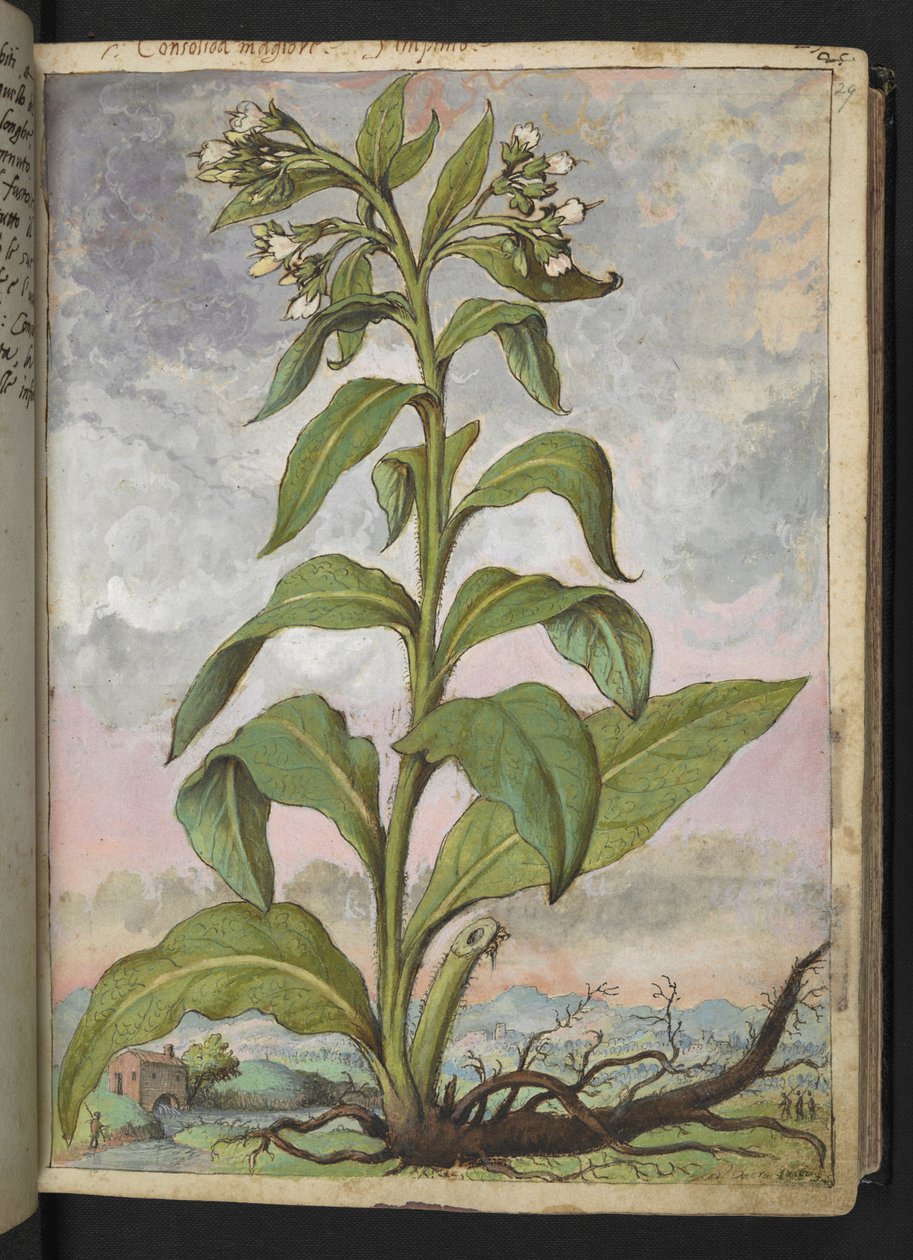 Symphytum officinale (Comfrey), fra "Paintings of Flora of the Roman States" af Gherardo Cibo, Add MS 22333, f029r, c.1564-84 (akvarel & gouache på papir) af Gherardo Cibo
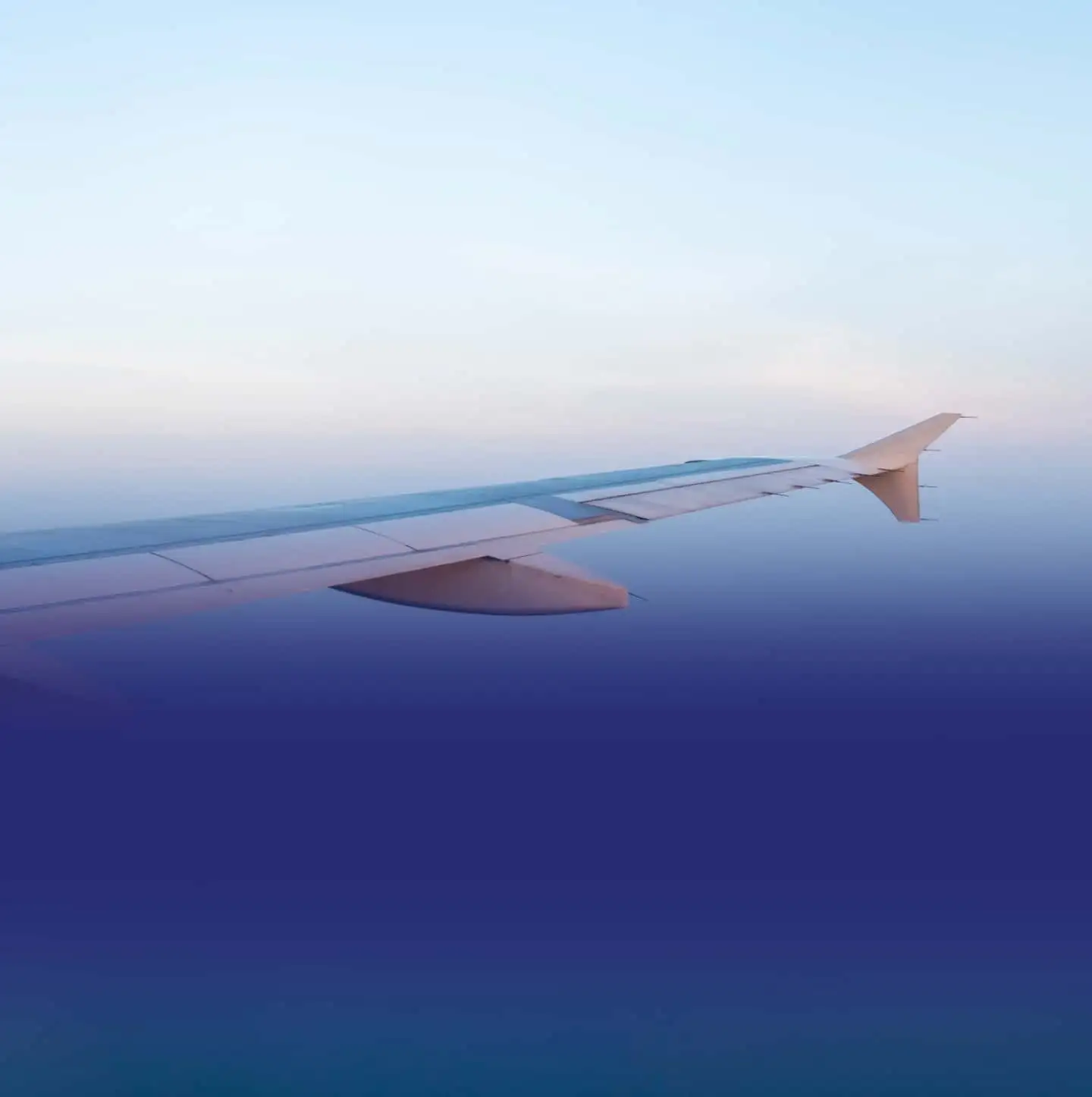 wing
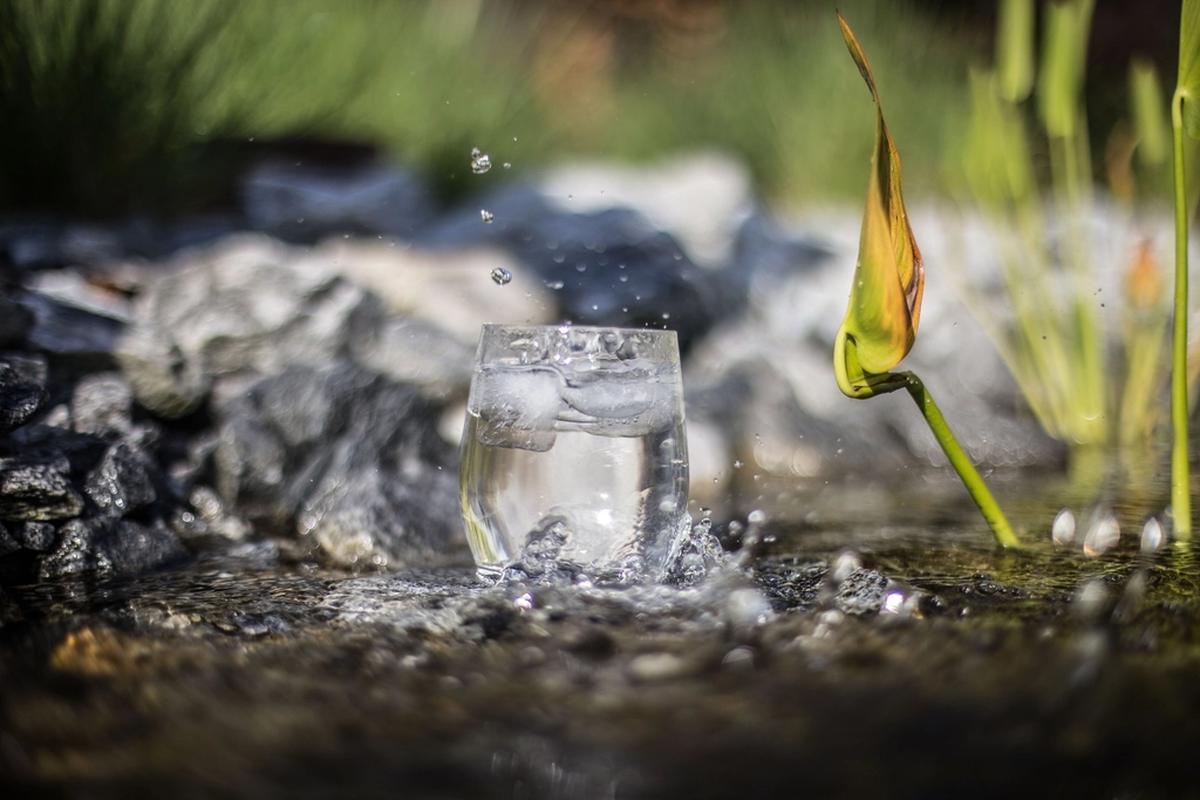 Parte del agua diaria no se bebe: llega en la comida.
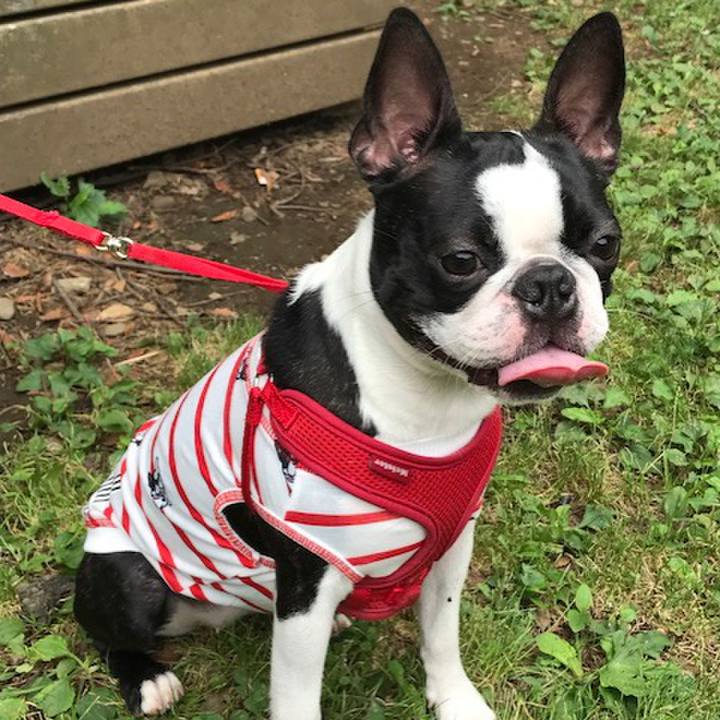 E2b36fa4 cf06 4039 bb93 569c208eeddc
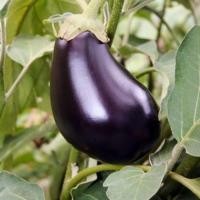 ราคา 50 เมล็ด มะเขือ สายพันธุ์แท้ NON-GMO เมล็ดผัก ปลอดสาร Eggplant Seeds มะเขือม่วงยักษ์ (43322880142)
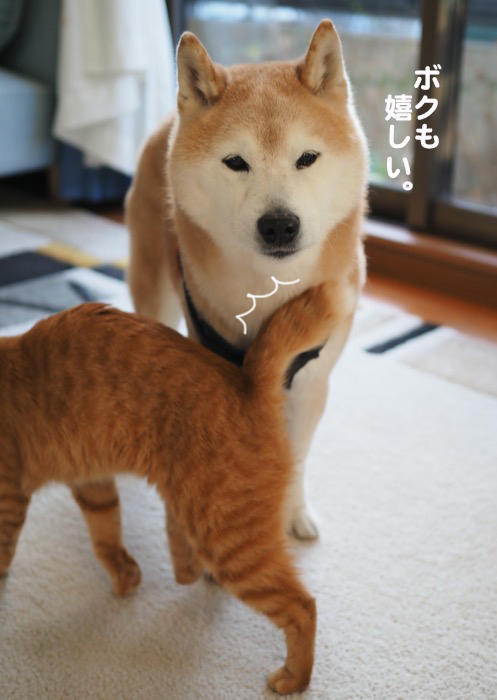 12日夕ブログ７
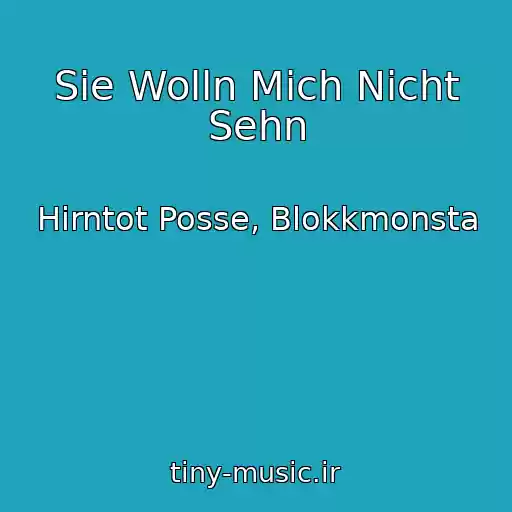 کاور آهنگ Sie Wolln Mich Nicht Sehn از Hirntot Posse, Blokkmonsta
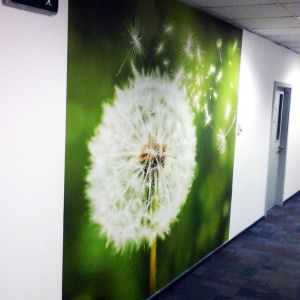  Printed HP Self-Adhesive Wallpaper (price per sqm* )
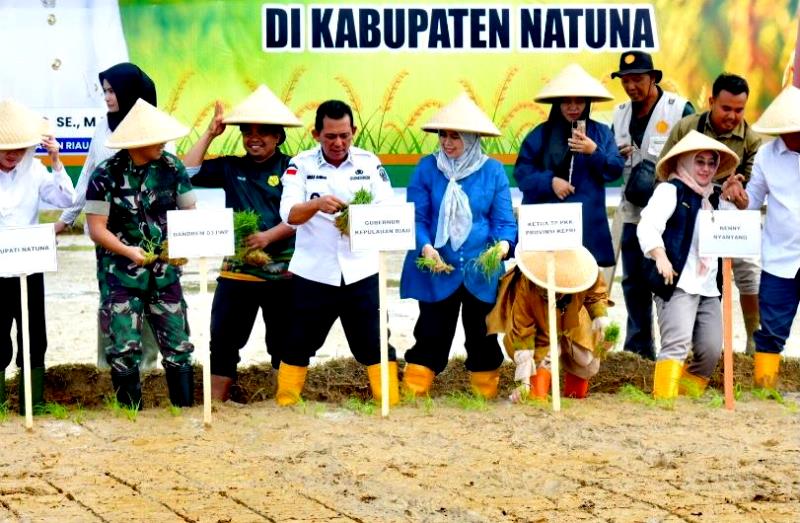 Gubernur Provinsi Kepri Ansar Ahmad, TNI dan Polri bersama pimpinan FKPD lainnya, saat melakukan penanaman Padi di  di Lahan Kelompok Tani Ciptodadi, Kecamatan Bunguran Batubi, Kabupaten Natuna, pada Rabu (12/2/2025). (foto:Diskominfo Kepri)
■ ■ ■ ■ ■
PROBLEM STATEMENT: Your copy must start at the line that holds "Parte del agua" and end at the last line of the data, both included; it must contain no pictures.

TASK OUTPUT:
 Parte del agua diaria no se bebe: llega en la comida.
 E2b36fa4 cf06 4039 bb93 569c208eeddc
 ราคา 50 เมล็ด มะเขือ สายพันธุ์แท้ NON-GMO เมล็ดผัก ปลอดสาร Eggplant Seeds มะเขือม่วงยักษ์ (43322880142)
 12日夕ブログ７
 کاور آهنگ Sie Wolln Mich Nicht Sehn از Hirntot Posse, Blokkmonsta
  Printed HP Self-Adhesive Wallpaper (price per sqm* )
 Gubernur Provinsi Kepri Ansar Ahmad, TNI dan Polri bersama pimpinan FKPD lainnya, saat melakukan penanaman Padi di  di Lahan Kelompok Tani Ciptodadi, Kecamatan Bunguran Batubi, Kabupaten Natuna, pada Rabu (12/2/2025). (foto:Diskominfo Kepri)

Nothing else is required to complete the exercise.